There are some ironies here: Mr. Scott resigned as chief executive of Columbia/HCA, the huge for-profit hospitals chain, in 1997 in a scandal over the company’s Medicare billing and other business practices; the company ultimately admitted to 14 felonies and agreed to pay the Feds over $600 million, which was the largest fraud settlement in US history. Mr. Scott was not implicated and no charges were raised against him personally.
Mr. Scott has said that among the 50 U.S. hospitals with the highest price markup over cost, 20 are in Florida, the most of any state.

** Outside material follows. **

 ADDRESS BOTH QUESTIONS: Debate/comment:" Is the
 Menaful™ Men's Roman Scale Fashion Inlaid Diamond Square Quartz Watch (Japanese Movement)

The paper reported: “Scott has maintained a tight focus on hospitals after many in the industry clashed with his position against expanding Medicaid to cover more people. Others, including the state’s insurance consumer advocate, have been examining surprise medical bills hitting consumers more broadly, to probe the role of insurers, government agencies, doctors and other medical providers as well.”
“In order to better understand the hardship placed on Floridians when they are presented with inflated hospital bills, we are asking those who believe they are a victim of hospital price gouging to share their stories with our Commission on Healthcare and Hospital Funding. We want to hear directly from Floridians who have suffered from this unfair practice so we can better empower patients to fight against price gouging at Florida hospitals.”

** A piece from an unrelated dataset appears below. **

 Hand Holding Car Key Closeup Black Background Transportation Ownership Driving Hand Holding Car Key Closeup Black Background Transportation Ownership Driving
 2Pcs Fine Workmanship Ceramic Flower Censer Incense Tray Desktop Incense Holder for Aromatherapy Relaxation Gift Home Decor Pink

Bruce Rueben, president of the Florida Hospital Association, “called for a wider approach to transparency by creating what he called an All Payer Claims database.”
“The best way to truly empower patients, and to understand what drives costs, is to bring everyone in the health care continuum to the table. By utilizing data from all health care claims, a comprehensive database would provide meaningful information about health care quality, costs and access.”